Amel (Afef Ben Mahmoud) est une femme tunisienne, mère de Moumen (Iheb Bouyahya), un jeune gardien de but talentueux. Elle a vécu la perte de son fils ainé, drame dont le père, devenu depuis alcoolique, ne s’est pas remis.

Amel travaille dans une entreprise de confection. Un jour, elle pense pouvoir aider son fils à changer de club pour accéder à un plus prestigieux, grâce à l’entregent d’un ami de son patron. Celui-ci lui donne un rendez-vous pour parler « affaires ». Mais ce n’est pas du tout ce que celui-ci avait en tête. Sans tenir compte des refus d’Amel il tente d’abuser d’elle et l’entraine dans un lieu où la police les surprend. Riche et influent, l’ami du patron s’en sort sans dommage, alors qu’Amel, accusée d’outrage à la pudeur et d’adultère, est jetée en prison. Son fils déboussolé entame alors une descente aux enfers.

S’appuyant sur ses propres expériences, le réalisateur tunisien Mehdi Hmili décrit dans son second film Amel et les fauves une société patriarcale et injuste, malade de la corruption qui la mine.

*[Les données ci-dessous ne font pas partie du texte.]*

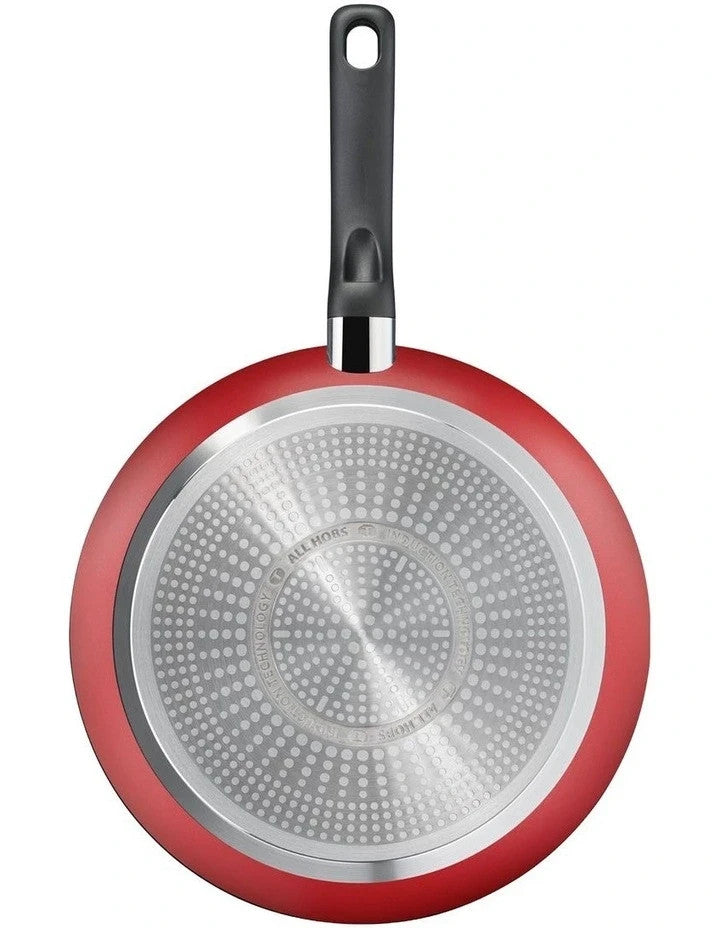 Tefal Red Delight Frypan Set 24cm And 28cm Twin Pack in Red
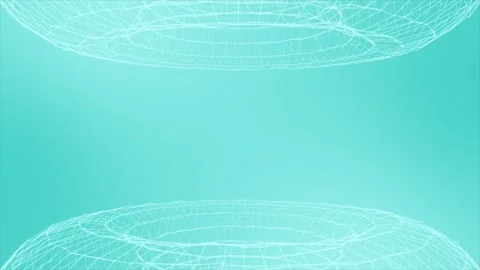 Cyan low poly torus shapes empty podium professional background Stock Footage 302560618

À travers la situation particulière de cette famille, il dénonce les errances de toute une société.

Véritable thriller social, Amel et les fauves nous promène dans les milieux interlopes de Tunis où s’est réfugié Moumen. Ces milieux, dans lesquels règnent la violence et la prostitution, ont comme chefs des personnages peu recommandables qui font ami-ami avec les forces de sécurité qu’ils arrosent, ces policiers étant parfois les mêmes que sous le précédent régime haï de Ben Ali. Mais grâce à l’amour que se portent la mère et le fils, il sera possible pour eux de reconstruire une histoire familiale malgré un grand nombre de difficultés qui auraient pu les amener au désastre, au cœur d’une société qui n’est pas celle à laquelle aspiraient les auteurs de la révolution du jasmin.

À cause de certaines de ces scènes, qui montrent une réalité mise trop souvent sous le tapis, ce film a été censuré dans beaucoup de pays arabes et dans les festivals qui s’y déroulent. Pourtant, ce film intense est indispensable pour mieux comprendre la société tunisienne contemporaine.